Altogether, adding ten trees and a lot of hedge fences takes about two hours of time, and costs less than ten bucks. A little more if you don’t already have a glue gun, but by the time we’re done, you’re going to get lot of mileage out of that glue gun, so don’t be afraid to spring for a decent one.
The supplies you need consist of:
While you’re securing these supplies, grab a pack of green kitchen scrubbers as well. As a bonus terrain item we’re going to make more hedges than we need. Hedges are one of the cheapest and easiest ways to craft linear terrain obstacles, and they work in most non-urban settings.
To assemble your trees, simply use the glue gun to stick the dowel through each pair of washers as shown. The glue gets stiff in no time, and hardens just right for root structures. After that glue dries, fill the crack between washers and the flat spaces between roots with white craft glue and sprinkle on a touch of sand. This will hide the gap, and make the base look more natural. The washers are doubled to give the base more weight – when your fellow grognard bumps the table, you won’t have to worry about the forest falling over. Spray the whole assembled piece brown, using the paint you bought for the drop cloth, and you are ready to add some foliage.
The foliage is simply one cut up yellow sponge. Cut the sponge into enough one block for each tree, trim the hard corners off, and then rough up the sponge using the flat edge of your scissors, or pull at it using tweezers or needle nosed pliers. Once you’ve got a nice fractal tree effect, just spray paint each ball with the green paint you bought for the ground cloth. As you can see, if your sponge is yellow, you don’t need to coast the entire thing green, as the yellow gives it a more natural look.

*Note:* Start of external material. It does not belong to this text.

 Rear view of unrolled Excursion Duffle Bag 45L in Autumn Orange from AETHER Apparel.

At this point, it’s a simple matter to use your hot glue gun to fix the leaves in place on the tree trunks. Make a cross-shaped incision in the base of each tree deep enough to hold the foliage ball, and the tension of the sponge will hold it in place until the glue dries.

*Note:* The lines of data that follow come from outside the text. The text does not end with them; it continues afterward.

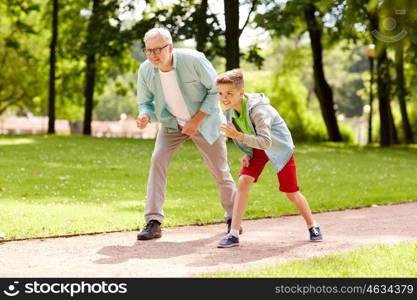 family, generation and people concept - happy grandfather and grandson racing at summer park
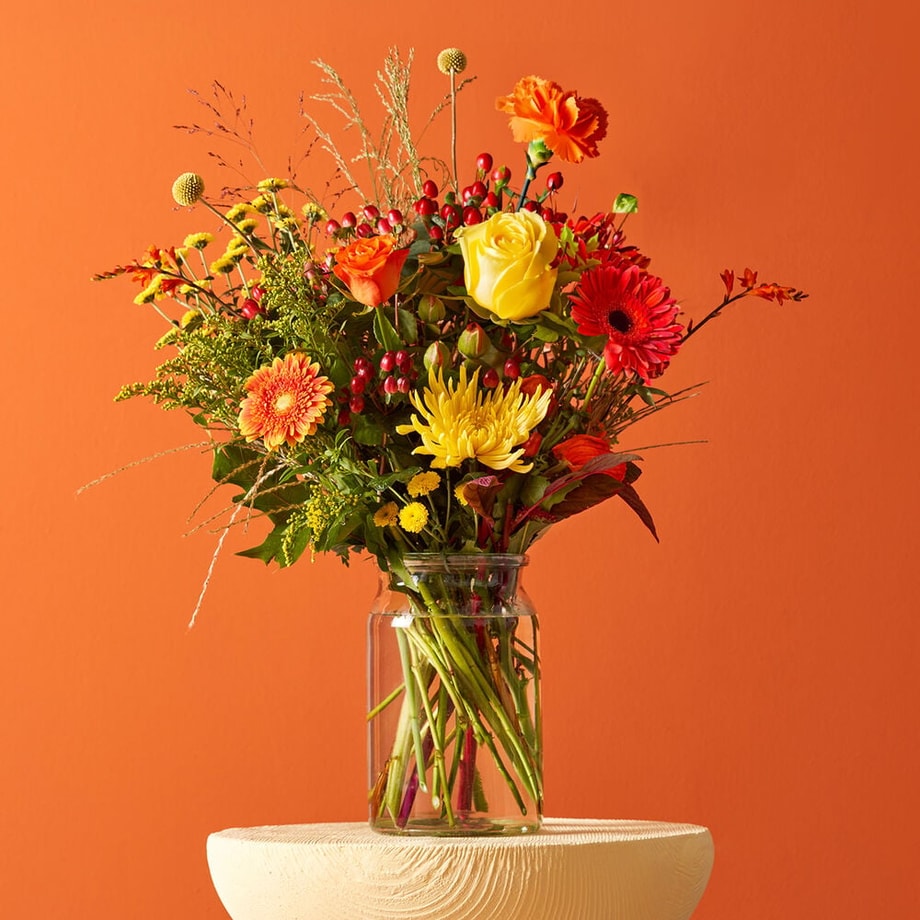 Herfstboeket met gele rozen, oranje gerbera’s en rode bessen in een glazen vaas tegen een oranje achtergrond.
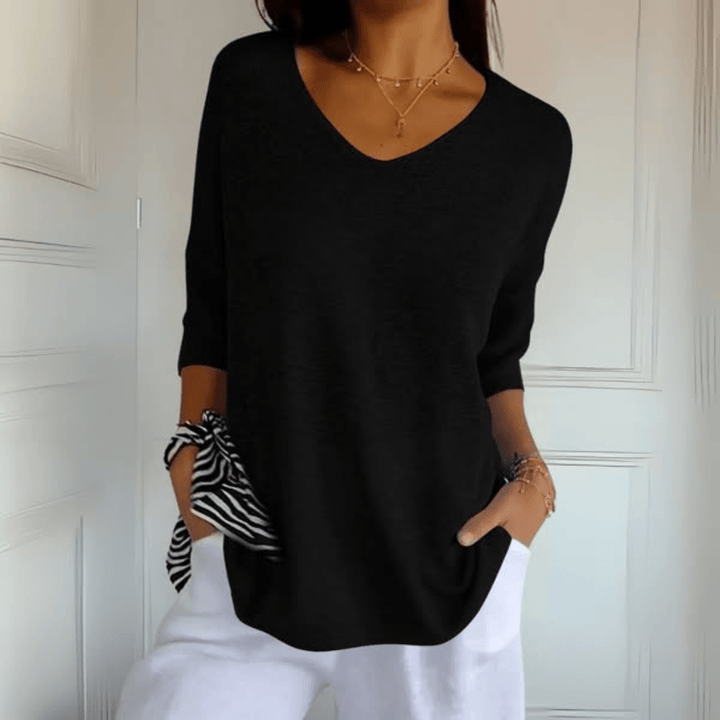 Soft knit women's V-neck sweater in a relaxed, loose fit, perfect for casual comfort.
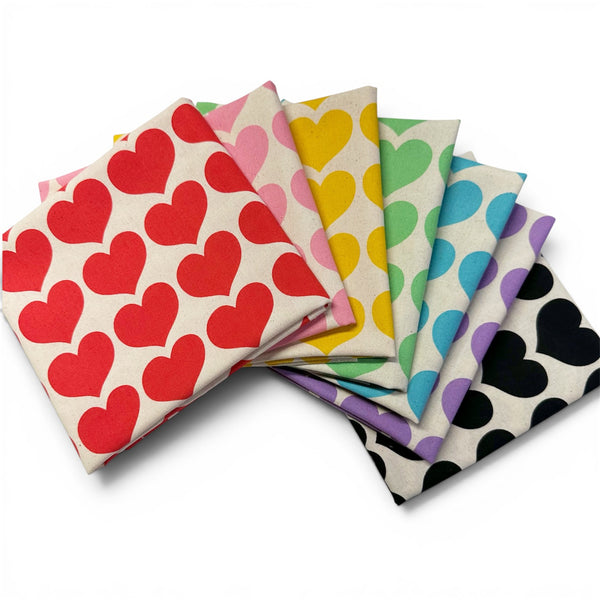 7 piece fat quarter bundle of Color Palette Hearts cotton fabric featuring red, pink, yellow, green, blue, purple, and black hearts on a natural cotton background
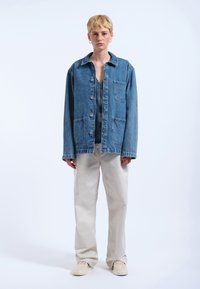 Giacca di jeans azzurra chiara con due tasche frontali, chiusura a bottoni e vestibilità rilassata, abbinata a pantaloni beige e sneakers beige.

As a bonus terrain feature, let’s build a few hedges. Take one of the green scrubbers, cut it into strips about half an inch high, and then dust each one with a bit of yellow spray paint. That’s it. You’re done. For larger figures, you may want to glue each hedge to a craft-stick base, and add some sand as we did with the tree’s bases. You can even fold the hedge in half before gluing it down to give it more thickness. To get just the right height for the hedges, ignore your ruler and use a figure for reference. Alternatively, you can make hedges in two sizes, the short ones that delay movement, and hedges taller than a man is tall to block both site and all movement. Eventually, you can add small wooden gates and sign posts to the hedges for added visual interest, but this five minute exercise is all you really need for plenty of linear obstacles.
Now you’ve got water hazards, woods, hedges, roads, and that’s all you really need for terrain. From here on out things get a little more complicated, but if you’ve come this far, you are ready to add even more little touches that will make your table really pop.
I’ve never heard of using a sponge before to create foliage but your picture shows that it does the job. Also using scrubbing pads for hedges. Good stuff.
Less expensive and after the battle there isn’t green plastic debris left behind from the railroad model type trees.